Wenn nicht gerade Sommerferien sind, gehen die Kinder vormittags zur Schule. Eine eigene Circusschule können sich in Deutschland nur die ganz großen Unternehmen leisten. So müssen der 15-jährige Andy, die zwölfjährige Manjana, die in der Manege unter anderem Artistik am Trapez zeigt, und die neunjährige Clownin Charlinein jeder neuen Gastspielstadt in eine andere Schule gehen. "Die Reaktionen sind eigentlich immer positiv", berichtet Freddy Ortmann. "Als Circuskinder stehen sie immer im Mittelpunkt. Zum Glück gibt es nur ganz selten negative Erfahrungen mit Lehrern oder Mitschülern.Probleme und Problemchen anderer Art gibt es aber schon: " Es kann aber schon einmal passieren, dass die drei schulpflichtigen Kinder plötzlich mitten in den nordrhein-westfälischen Sommerferien wieder zur Schule müssen, weil der Circus über Nacht nach Niedersachsen weitergezogen ist. "Das ist natürlich ziemlich ätzend", schimpft Manjana. Tauschen möchte sie dennoch auf keinen Fall mit ihren "seßhaften" Mitschülern. "Nach spätestens einer Woche fragen die Kinder, wann es endlich weitergeht. Das ist im Blut...", so der Vater der Nachwuchsartisten.

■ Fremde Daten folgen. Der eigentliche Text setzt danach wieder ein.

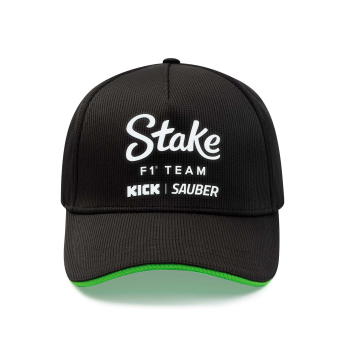 Stake Kick Sauber șapcă de baseball Drivers black F1 Team 2024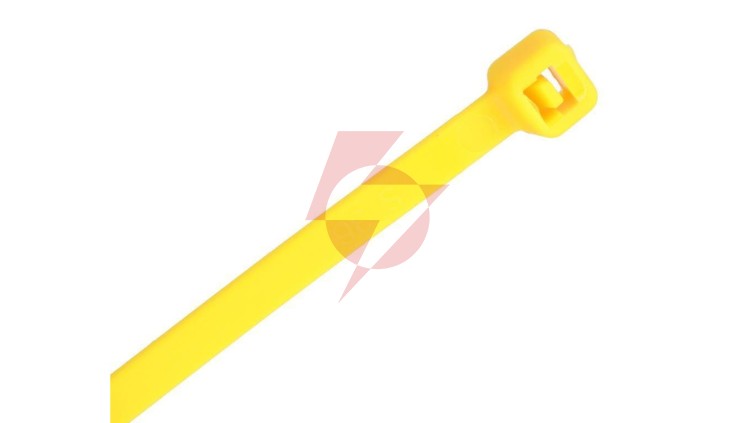 Opaska kablowa TK 14/3,6 YL żółta E01TK-01020200901 /100szt./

Freddy Ortmann selbst ist allerdings froh, wenn der Circus mal für längere Zeit auf einem Platz steht, hat er dann doch endlich Zeit für Training und Verwaltung - oder für einen freien Tag mit der Familie. Kleine Pannen können den Tagesablauf schon mal ganz schön durcheinander bringen. Eine gebrochene Anhängerachse, verlorengegangene Post oder fehlerhafte Plakate kosten Zeit und Nerven. Denn nebenbei müssen ja auch noch viele weitere Arbeiten erledigt werden: Werbung aufhängen, Flyer verteilen, Gespräche mit der Stadt führen, für Wasser und Strom sorgen... Sorgen bereitet Freddy Ortmann der stetige Besucherrückgang. "Das ist kein Problem unseres Unternehmens, fast alle Kollegen klagen derzeit", so der Direktor. "Die Menschen haben einfach nicht mehr so viel Geld übrig. Aber unsere eigenen Ausgaben steigen dabei stetig."  Trotzdem macht der Circusfamilie Ortmann ihr Beruf noch Spaß. "Es ist einfach schön, wenn man sieht, dass es den Zuschauern gefällt - und wenn sie nach zwei Stunden fröhlich aus dem Zelt gehen", sagt Ortmann, und hofft, dass es mit den Zuschauerzahlen bald wieder aufwärts geht.